# Your objective
Look through the records and copy every line in which "Sans" appears.

-- Dataset follows --

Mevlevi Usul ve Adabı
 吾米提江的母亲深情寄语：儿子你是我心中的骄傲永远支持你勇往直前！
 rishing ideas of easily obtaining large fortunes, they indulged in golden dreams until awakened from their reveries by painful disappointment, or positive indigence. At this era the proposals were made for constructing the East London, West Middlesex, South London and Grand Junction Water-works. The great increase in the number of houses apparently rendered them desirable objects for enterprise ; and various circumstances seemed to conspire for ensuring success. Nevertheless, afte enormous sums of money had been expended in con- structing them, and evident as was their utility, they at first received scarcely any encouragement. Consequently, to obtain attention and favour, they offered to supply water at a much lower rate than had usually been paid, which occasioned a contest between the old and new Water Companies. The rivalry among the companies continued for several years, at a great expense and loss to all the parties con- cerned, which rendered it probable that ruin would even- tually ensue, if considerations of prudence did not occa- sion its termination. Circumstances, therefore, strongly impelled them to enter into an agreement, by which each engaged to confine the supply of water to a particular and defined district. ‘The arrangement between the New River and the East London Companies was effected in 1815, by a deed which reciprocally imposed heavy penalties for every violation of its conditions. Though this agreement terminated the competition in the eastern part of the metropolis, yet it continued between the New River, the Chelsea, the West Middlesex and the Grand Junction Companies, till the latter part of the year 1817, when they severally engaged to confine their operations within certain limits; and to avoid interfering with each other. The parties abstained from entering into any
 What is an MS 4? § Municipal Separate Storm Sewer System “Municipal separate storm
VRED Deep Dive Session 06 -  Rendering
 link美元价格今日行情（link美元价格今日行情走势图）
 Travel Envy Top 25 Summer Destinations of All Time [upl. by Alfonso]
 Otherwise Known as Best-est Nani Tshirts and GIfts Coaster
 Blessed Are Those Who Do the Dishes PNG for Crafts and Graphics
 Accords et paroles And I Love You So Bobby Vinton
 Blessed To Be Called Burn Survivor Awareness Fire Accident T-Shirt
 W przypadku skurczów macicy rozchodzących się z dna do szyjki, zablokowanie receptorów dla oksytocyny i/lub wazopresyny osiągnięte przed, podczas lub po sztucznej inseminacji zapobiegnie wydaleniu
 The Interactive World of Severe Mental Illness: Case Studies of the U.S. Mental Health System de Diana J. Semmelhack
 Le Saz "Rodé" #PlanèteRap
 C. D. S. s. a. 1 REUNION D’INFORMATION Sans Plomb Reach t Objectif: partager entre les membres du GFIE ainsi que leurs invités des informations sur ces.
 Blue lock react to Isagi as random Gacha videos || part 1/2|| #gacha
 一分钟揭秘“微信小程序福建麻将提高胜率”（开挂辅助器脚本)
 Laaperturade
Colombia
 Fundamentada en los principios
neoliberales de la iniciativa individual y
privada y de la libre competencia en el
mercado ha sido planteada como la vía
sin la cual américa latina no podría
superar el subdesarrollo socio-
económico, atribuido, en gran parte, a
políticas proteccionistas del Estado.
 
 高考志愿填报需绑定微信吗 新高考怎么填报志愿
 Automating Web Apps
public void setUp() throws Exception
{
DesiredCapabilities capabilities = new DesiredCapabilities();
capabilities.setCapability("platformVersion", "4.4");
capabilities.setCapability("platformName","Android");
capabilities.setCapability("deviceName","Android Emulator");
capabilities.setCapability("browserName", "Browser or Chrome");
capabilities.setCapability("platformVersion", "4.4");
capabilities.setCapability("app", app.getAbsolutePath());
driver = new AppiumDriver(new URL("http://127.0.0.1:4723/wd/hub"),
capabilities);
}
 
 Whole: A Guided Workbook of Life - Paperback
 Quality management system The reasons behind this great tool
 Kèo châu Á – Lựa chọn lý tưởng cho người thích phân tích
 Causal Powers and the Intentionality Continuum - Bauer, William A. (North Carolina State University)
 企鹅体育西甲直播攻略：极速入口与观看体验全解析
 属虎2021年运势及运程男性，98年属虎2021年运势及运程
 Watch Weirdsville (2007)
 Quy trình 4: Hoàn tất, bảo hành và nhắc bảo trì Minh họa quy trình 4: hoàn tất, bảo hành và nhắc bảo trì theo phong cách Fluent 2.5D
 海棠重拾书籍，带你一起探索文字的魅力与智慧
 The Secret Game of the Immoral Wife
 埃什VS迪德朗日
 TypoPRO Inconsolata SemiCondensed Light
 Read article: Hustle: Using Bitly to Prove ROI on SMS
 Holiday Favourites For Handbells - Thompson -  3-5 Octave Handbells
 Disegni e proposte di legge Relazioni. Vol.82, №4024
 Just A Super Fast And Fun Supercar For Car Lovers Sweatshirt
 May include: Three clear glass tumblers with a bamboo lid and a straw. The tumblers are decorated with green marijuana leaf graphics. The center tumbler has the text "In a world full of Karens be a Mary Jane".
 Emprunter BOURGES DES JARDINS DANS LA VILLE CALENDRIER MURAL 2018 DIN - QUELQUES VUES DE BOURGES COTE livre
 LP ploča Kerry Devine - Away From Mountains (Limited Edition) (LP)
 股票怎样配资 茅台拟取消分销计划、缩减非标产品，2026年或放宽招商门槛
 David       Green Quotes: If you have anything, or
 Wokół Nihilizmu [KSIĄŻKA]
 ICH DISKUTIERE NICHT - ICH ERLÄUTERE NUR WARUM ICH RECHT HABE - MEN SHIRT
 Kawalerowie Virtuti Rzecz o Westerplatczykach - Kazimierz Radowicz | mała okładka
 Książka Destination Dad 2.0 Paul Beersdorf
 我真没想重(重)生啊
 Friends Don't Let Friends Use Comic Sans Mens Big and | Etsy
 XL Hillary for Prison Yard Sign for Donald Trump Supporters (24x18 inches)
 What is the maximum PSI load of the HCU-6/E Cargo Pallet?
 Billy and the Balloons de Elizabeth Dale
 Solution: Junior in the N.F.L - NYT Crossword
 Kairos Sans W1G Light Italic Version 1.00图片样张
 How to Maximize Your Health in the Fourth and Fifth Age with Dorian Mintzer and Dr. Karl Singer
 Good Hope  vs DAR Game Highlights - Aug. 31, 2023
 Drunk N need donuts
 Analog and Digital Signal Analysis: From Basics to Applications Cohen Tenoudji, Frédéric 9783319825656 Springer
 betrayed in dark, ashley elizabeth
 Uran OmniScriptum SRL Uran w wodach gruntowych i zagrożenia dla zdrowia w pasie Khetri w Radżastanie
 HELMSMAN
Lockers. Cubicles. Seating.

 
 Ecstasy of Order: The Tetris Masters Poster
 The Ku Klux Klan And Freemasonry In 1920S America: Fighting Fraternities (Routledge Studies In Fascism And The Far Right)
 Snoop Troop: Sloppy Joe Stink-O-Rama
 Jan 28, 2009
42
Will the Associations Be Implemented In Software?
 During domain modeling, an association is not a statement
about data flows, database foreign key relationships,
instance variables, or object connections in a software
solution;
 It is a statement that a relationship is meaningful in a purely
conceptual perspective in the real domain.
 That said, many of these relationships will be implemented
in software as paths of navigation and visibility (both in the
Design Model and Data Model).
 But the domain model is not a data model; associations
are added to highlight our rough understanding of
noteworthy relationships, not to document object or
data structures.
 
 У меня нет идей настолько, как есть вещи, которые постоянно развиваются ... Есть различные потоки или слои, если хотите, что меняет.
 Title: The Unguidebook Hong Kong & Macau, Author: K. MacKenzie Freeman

-- Dataset concluded --

# Result of the task
 C. D. S. s. a. 1 REUNION D’INFORMATION Sans Plomb Reach t Objectif: partager entre les membres du GFIE ainsi que leurs invités des informations sur ces.
 Friends Don't Let Friends Use Comic Sans Mens Big and | Etsy
 Kairos Sans W1G Light Italic Version 1.00图片样张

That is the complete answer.